At the turn of the century, Crown Heights was one of the most desirable areas to live in New York City. Many of the mansions built between 1880 and 1920 remain, some in unlikely places. For those old enough to remember, Crown Heights is the scene of street violence between Hasidic Jews and Caribbean immigrants. The riots began on August 19, 1991 after the child of two Guyanese immigrants was accidentally struck and killed by an automobile in the motorcade of a prominent Hasidic rabbi. These tensions have receded over the years. The main thoroughfare through the neighborhood is Eastern Parkway, a tree-lined boulevard designed by Frederick Law Olmsted to complement Prospect Park.

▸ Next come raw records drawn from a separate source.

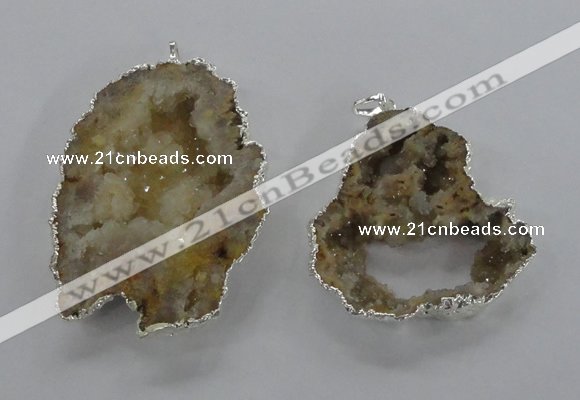 NGP2101 40*50mm - 55*65mm freeform druzy agate gemstone pendants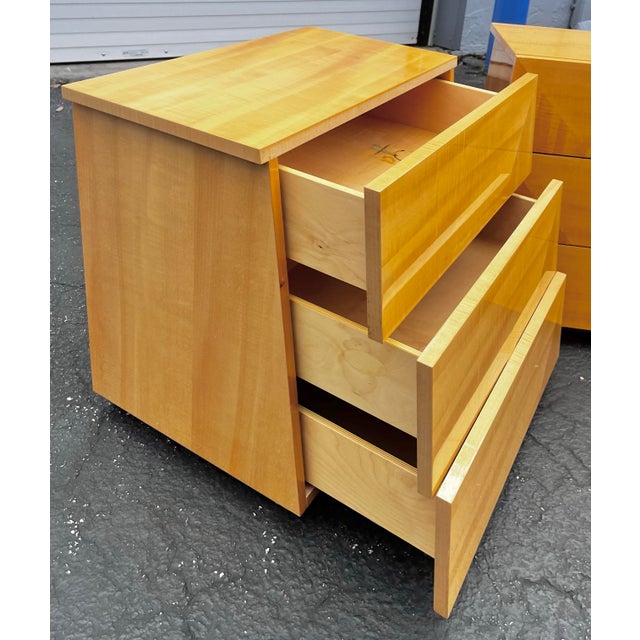 Wood Italian Mid Century Modern Pair of Nightstands With Oblique Tapered Façade | Giorgio Collection Italy For Sale - Image 7 of 12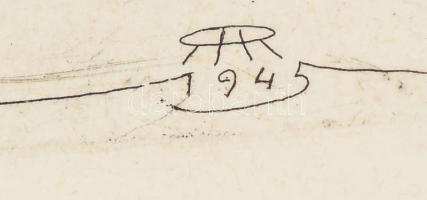 Ifj. Richter Aladár (1898-1950): A romos Budapest a II. világháború után, 1945. Rézkarc, papír, jelz...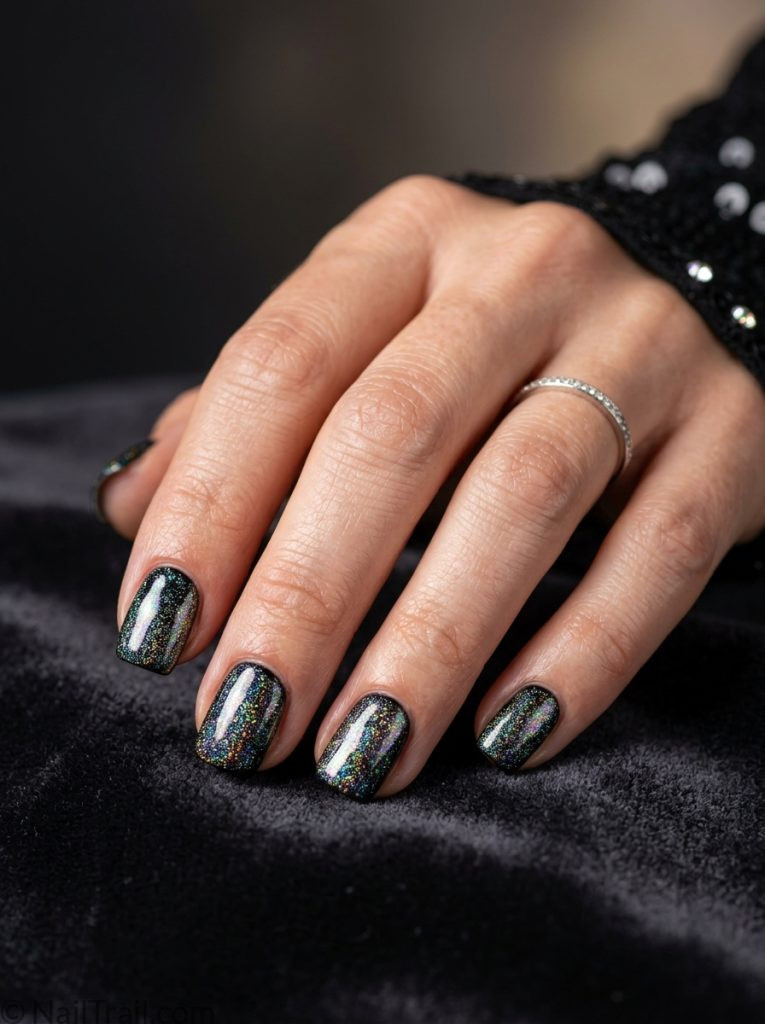 michael jackson nails short square shape black gel iridescent chrome shimmer sequin inspired glossy finish gradient background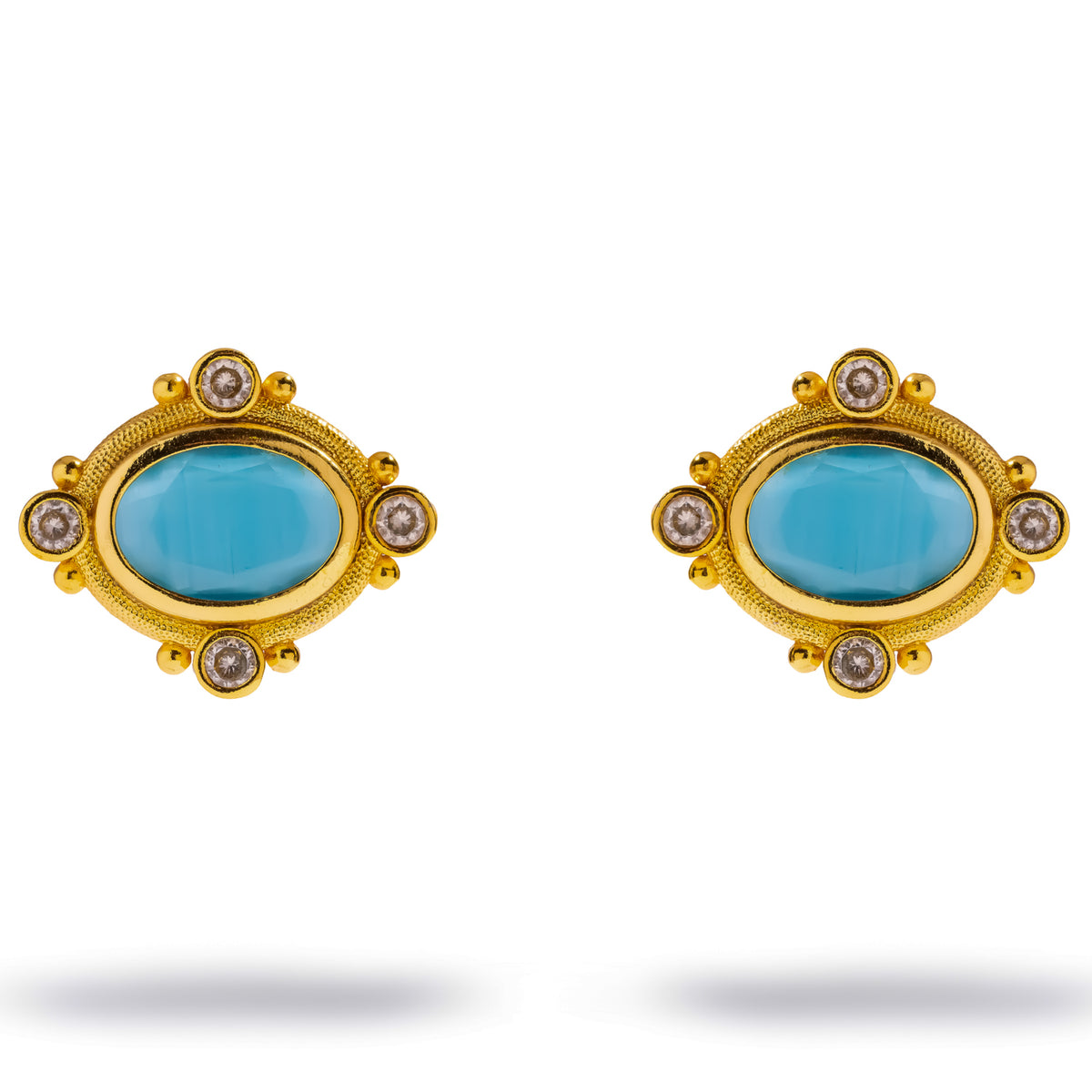 Cleopatra Turquoise Cat Eye Gold Statement Stud Earrings, front view of the pair with oval turquoise stones in granulated gold
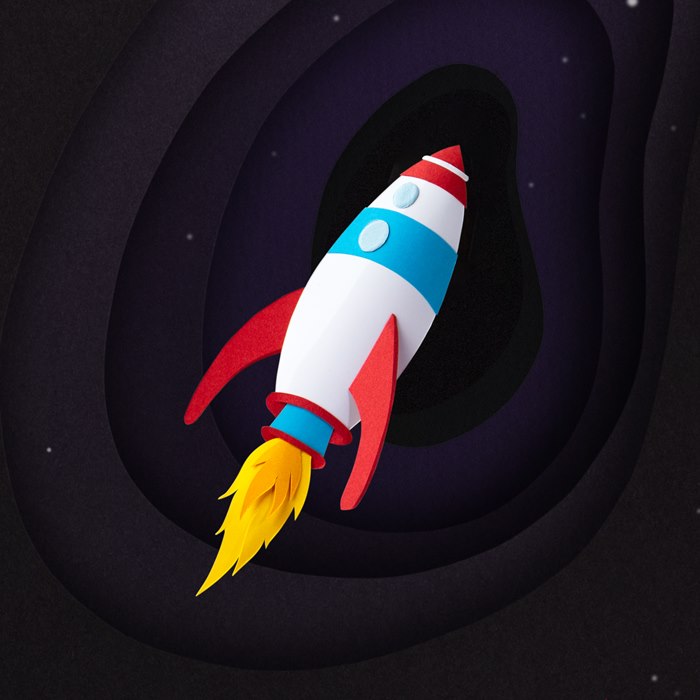 Paper art of rocket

There is an 1889 Victorian "fortress" that extends along much of the block on #920 Park Place (between New York and Brooklyn avenues), formerly the Brooklyn Methodist Church Home. At what was at one time a very prestigious address, St. Marks Ave. has some exceptional mansions, especially the Montrose Morris-designed 1892 eclectic brick and limestone Romanesque Revival mansion (#855-857) with the corner tower capped with a belled cupola. That cupola, phallic as can be, has spectacular surround inset windows, all four members of that block are splendid. A few doors down, opposite the Brooklyn Children's Museum, Russell Sturgis (art and architecture critic) designed the brownstone Romanesque Revival villa (#839) on the corner of St. Marks Ave. and Brooklyn Ave. Some cute whitewashed houses, looking very Dutch are on Prospect Place, next to the museum. The Museum had a $43 million expansion in 2007 and is an anchor to the neighborhood. Perhaps the most interesting mansion is on the corner of Brooklyn Ave. and Dean St., in need of TLC. It was built by the Parfitt Bros. in 1887 for the business man John Truslow. The brownstone design is punctuated by these little whimsical "pop-out" corner gables (see green gables in photo).
Notable former residents include Clyde Davis and Beverly Sills.